Tuesday, February 20, 2007

Laziness does not pay

I needed more solution for the Scooba. The only (and I do mean only) downside I’ve found to this particular little robot is that it really means it when it says ‘only use this solution, or plain white vinegar – nothing else!’. It will literally shut down on you – its sensors know, people.

Yes they do.

And, given the shocking variety of sticky what-nots that end up on my floor, I’ve found the vinegar just doesn’t work. Clorox, yes. Vinegar, eh, not so much. Terrible shame, really, because the vinegar is much cheaper…but I digress.

Anyway, I was about out of the solution (oh, the horror). There is one store in town that carries it (even though there are three (3) stores which sell the Scooba robot, but that’s another rant for another day). Fortunately, this store also has that thing where you can order online and pick up in the store – no shipping costs, and all your stuff is sitting there waiting for you when you arrive.

Let me hear the lazy say, “Oh yeah!”

I hate wandering through the store looking for a bottle of cleaning solution. It is never where I think it’s going to be (either with the robots, or with the other cleaning supplies – it will be in one, or the other, but never the section I go to first).

I’m too lazy for that kind of crap. Also, wandering through Linens N Things is a perilous journey, one I seldom complete without large bite marks in my wallet. And I really-really hate it when, after thirty minutes of wandering, asking four people, each of whom asked three other people who also didn’t know, you discover that they just plain are out of the stuff.

I really like being able to make somebody else go through that process. Somebody who works there, who can ask themselves to check in the back and see if there’s any back there.

If I could just find an option where they also bring it out to my car (along with a nice frappucino, and perhaps a masseuse to work on those shoulders of mine), man, I’d be set.
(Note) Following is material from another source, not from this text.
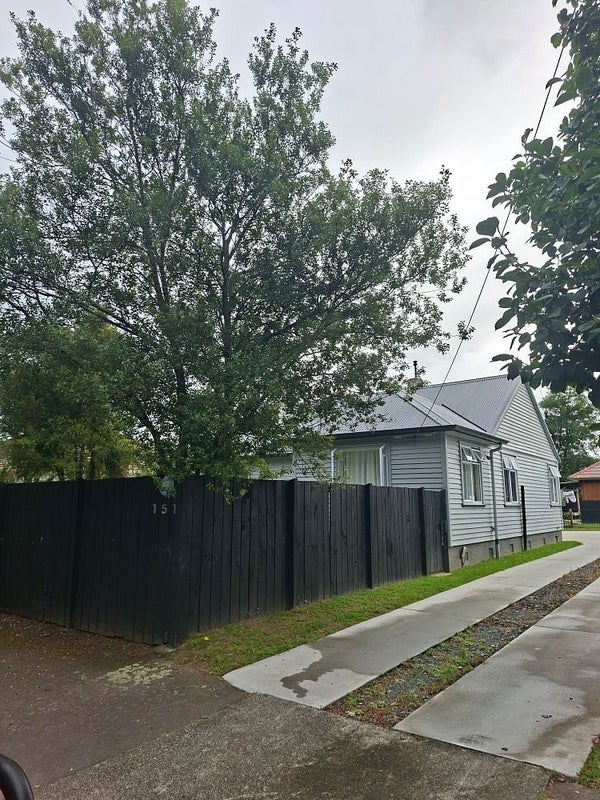151 Cobham Drive, Hamilton East, Hamilton - Carousel 1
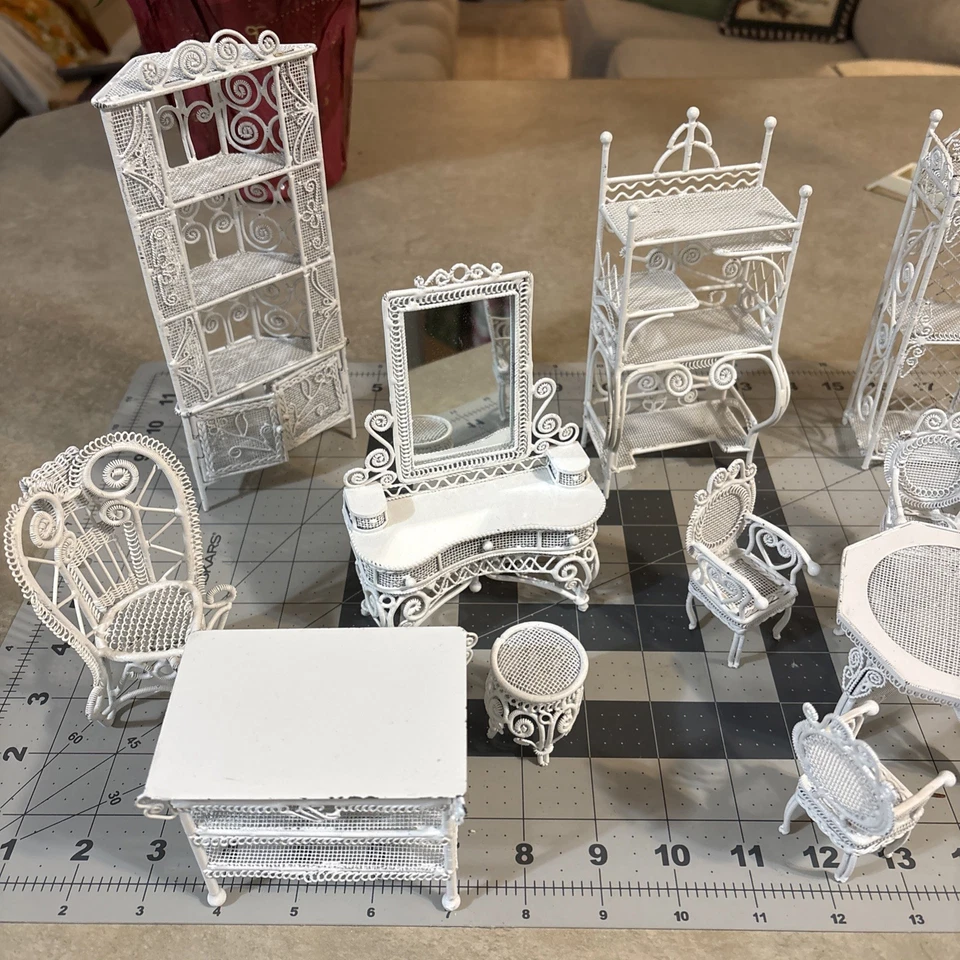 Windsor Vintage 13 piezas Casa de muñecas muebles miniatura alambre de metal 1994 Foto 1 de 4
OK. So. I lazily went online and lazily placed my order this morning. In due course I lazily checked my email and got the confirmation that my two crummy bottles of solution were ready for me to haul my lazy butt in there to pick up.

When I got a good break in my workflow, I lazily picked up my keys and walked languidly out the door. Went to the bank, where with a great lack of hurry-up on me I filled out a deposit slip and put a $5 check into the savings account (yes, five whole dollars; do try to contain your envy, people). Went next door to Linens N Things, already contemplating getting actual food for lunch.

Someplace with actual flatware, know what I’m saying?

Because! I wasn’t going to be spending any time at all wandering through this store on a quest for Scooba cleanser. Oh no! Some poor clerk at the store was going to have done that! All I needed to do was swoop-n-grab, people…I’d have a solid forty minutes left on my lunch hour ha ha, HA! (So, possibly, I was also being punished for impending gluttony…)

I walked into the store. I breezed up to the customer service counter. I handed the nice lady the email confirmation which stated, and I quote, “Your items are ready for pickup.”

“Oh, OK,” she said, nervously, diving for the phone. “I’ve never done one of these before…”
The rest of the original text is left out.